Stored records
——

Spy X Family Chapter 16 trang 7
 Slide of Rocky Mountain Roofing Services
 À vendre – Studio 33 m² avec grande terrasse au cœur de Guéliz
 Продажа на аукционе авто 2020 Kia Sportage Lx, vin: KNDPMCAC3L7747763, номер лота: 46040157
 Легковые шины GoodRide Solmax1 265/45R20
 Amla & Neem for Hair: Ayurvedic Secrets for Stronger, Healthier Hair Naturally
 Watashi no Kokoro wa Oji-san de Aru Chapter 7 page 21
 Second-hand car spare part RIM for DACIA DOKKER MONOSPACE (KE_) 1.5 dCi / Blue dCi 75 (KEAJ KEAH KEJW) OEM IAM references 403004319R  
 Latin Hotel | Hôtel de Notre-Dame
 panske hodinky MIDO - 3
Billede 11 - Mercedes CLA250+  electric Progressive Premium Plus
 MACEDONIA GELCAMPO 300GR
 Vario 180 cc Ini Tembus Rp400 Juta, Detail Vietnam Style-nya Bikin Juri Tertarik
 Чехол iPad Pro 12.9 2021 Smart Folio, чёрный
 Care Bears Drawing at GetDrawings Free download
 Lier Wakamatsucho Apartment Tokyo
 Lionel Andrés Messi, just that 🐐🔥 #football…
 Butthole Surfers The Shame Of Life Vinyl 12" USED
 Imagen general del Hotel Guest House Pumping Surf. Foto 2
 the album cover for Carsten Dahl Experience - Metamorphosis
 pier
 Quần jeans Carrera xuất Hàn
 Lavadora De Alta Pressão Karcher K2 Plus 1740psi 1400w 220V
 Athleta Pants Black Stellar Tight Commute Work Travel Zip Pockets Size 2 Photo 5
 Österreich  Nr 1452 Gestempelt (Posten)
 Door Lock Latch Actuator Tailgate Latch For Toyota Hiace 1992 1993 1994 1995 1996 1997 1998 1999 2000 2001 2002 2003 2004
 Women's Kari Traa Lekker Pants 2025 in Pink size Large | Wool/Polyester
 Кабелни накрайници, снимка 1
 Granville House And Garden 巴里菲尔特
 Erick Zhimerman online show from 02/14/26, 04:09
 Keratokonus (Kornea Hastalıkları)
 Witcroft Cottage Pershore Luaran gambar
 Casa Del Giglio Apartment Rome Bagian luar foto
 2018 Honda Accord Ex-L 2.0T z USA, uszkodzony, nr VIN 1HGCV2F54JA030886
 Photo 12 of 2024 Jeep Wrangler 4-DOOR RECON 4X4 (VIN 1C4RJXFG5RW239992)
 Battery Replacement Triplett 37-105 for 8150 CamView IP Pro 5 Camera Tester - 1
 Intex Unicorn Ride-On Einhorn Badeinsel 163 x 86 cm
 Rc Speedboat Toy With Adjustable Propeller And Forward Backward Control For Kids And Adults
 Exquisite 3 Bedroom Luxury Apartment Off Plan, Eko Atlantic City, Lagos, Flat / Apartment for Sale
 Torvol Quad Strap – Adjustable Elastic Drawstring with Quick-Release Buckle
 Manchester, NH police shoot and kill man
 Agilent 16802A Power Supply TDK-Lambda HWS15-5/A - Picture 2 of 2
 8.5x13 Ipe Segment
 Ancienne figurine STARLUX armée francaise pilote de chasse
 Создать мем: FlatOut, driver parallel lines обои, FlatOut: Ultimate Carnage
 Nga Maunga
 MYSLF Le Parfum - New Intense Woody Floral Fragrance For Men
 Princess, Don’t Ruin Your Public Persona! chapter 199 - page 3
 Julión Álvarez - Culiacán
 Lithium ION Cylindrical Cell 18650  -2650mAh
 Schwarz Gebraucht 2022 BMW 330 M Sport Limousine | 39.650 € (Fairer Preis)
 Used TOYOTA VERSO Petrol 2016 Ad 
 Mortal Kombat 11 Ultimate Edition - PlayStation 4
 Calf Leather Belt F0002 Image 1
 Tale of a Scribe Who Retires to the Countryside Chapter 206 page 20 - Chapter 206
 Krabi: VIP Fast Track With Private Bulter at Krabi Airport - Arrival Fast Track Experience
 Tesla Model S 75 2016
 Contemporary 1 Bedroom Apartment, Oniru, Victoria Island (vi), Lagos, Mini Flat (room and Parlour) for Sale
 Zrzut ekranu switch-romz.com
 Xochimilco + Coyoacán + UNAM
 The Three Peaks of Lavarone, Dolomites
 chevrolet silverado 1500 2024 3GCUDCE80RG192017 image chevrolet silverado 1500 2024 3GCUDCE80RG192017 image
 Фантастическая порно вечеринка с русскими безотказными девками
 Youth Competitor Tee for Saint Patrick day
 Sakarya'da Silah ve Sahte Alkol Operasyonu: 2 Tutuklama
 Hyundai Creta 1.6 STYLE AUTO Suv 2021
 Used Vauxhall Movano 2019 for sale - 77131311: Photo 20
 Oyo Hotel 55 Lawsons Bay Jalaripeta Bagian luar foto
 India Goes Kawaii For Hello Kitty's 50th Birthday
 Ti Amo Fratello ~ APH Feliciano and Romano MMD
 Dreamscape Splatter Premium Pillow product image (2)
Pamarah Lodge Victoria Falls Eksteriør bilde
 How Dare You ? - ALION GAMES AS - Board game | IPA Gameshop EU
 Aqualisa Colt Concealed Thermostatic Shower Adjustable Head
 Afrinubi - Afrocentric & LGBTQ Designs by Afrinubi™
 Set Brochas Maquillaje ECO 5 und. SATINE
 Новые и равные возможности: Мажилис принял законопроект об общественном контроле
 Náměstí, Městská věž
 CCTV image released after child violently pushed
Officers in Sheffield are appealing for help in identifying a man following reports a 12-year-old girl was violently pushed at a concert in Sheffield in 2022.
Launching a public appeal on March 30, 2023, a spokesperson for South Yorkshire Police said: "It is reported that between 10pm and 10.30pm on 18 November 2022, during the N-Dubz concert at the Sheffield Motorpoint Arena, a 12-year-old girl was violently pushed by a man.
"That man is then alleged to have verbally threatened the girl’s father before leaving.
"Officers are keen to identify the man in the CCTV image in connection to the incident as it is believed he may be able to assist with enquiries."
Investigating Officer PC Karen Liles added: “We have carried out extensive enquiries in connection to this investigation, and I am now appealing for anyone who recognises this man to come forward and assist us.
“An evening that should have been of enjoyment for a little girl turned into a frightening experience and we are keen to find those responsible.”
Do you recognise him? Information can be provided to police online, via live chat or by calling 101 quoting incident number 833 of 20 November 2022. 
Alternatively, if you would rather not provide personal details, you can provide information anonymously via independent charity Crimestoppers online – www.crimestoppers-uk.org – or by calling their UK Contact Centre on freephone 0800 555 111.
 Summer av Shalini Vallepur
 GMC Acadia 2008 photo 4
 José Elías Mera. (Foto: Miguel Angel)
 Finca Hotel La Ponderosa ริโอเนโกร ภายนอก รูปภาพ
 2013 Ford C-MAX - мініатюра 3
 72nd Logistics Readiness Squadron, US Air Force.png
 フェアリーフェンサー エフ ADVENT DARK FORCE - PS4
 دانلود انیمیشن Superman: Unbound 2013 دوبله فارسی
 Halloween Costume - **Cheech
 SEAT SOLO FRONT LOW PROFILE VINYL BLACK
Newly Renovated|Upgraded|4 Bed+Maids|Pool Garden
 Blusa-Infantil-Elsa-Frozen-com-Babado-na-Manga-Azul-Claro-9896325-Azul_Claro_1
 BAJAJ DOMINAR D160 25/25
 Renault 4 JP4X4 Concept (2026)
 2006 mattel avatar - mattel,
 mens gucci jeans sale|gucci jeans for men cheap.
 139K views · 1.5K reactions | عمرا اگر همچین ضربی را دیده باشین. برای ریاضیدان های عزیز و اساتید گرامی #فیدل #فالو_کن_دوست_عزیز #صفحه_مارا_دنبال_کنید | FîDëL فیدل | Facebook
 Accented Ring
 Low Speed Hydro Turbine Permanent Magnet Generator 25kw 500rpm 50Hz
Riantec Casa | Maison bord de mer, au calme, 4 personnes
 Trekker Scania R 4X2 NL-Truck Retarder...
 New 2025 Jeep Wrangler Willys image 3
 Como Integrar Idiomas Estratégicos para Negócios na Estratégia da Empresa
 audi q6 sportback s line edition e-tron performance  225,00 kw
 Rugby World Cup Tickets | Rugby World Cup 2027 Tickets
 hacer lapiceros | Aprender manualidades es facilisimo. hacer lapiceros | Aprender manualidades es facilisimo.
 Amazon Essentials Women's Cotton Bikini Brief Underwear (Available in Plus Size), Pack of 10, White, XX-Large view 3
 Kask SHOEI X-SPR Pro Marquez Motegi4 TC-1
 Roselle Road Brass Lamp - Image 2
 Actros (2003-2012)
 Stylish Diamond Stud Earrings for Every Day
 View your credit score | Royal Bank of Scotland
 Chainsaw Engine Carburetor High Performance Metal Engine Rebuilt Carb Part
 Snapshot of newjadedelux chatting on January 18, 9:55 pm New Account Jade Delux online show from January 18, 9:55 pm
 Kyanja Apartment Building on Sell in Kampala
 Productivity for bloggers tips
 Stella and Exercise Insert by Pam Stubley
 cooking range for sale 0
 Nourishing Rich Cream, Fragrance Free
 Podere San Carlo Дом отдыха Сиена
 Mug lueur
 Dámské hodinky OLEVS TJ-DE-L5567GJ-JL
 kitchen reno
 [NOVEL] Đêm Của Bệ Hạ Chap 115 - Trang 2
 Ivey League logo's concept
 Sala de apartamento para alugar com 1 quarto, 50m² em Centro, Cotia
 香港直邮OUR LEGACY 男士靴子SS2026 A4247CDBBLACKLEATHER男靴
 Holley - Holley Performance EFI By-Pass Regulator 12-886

——

▶ **Exercise description**
Copy the records above exactly, beginning at the line that contains "Photo 12 of" and stopping after the line that contains "8.5x13 Ipe Segment".

▶ **Worked solution**
 Photo 12 of 2024 Jeep Wrangler 4-DOOR RECON 4X4 (VIN 1C4RJXFG5RW239992)
 Battery Replacement Triplett 37-105 for 8150 CamView IP Pro 5 Camera Tester - 1
 Intex Unicorn Ride-On Einhorn Badeinsel 163 x 86 cm
 Rc Speedboat Toy With Adjustable Propeller And Forward Backward Control For Kids And Adults
 Exquisite 3 Bedroom Luxury Apartment Off Plan, Eko Atlantic City, Lagos, Flat / Apartment for Sale
 Torvol Quad Strap – Adjustable Elastic Drawstring with Quick-Release Buckle
 Manchester, NH police shoot and kill man
 Agilent 16802A Power Supply TDK-Lambda HWS15-5/A - Picture 2 of 2
 8.5x13 Ipe Segment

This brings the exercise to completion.